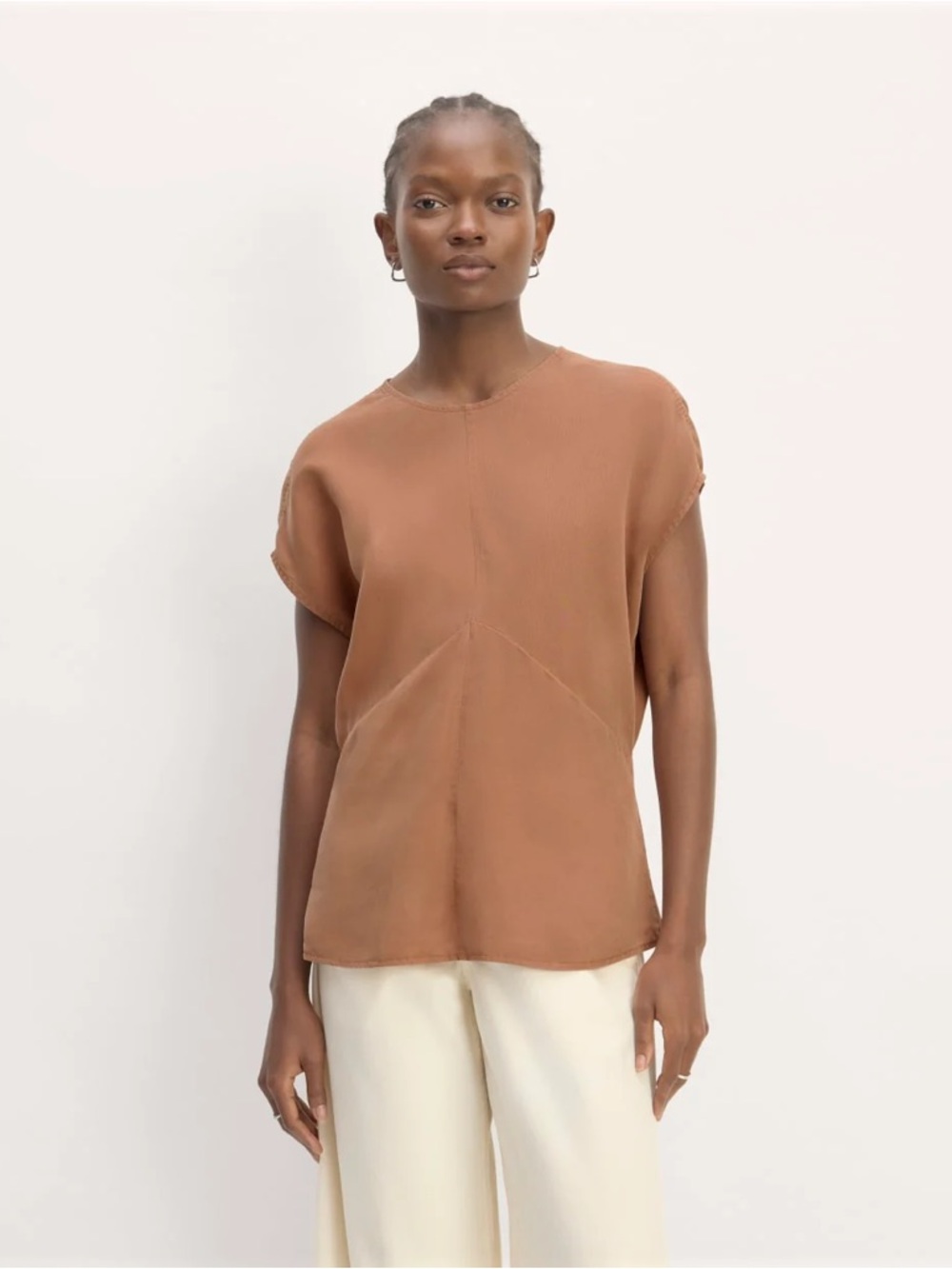 EVERLANE The Drape Top in Butterlite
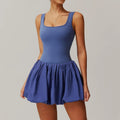 Rompers Women Yoga Jumpsuit Set Sexy Anti Glare One-Piece Jumpsuit Dance Ballet Sports Dress Gym Push up Running Tennis Sports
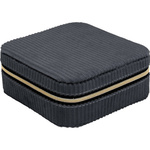 Cutie pentru bijuterii, catifea, 12 x 12 x 5 cm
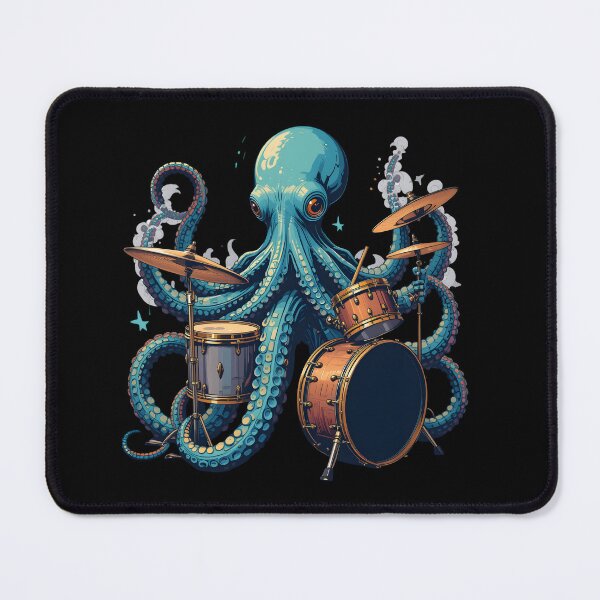 Item preview, Octopus Drummer designed and sold by Aekalak17.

(Work order)
The answer should consist only of the lines from the line with "Rompers Women Yoga" through the last line of the data, repeated exactly; pictures stay out.

(Answer space)
 Rompers Women Yoga Jumpsuit Set Sexy Anti Glare One-Piece Jumpsuit Dance Ballet Sports Dress Gym Push up Running Tennis Sports
 Cutie pentru bijuterii, catifea, 12 x 12 x 5 cm
 Item preview, Octopus Drummer designed and sold by Aekalak17.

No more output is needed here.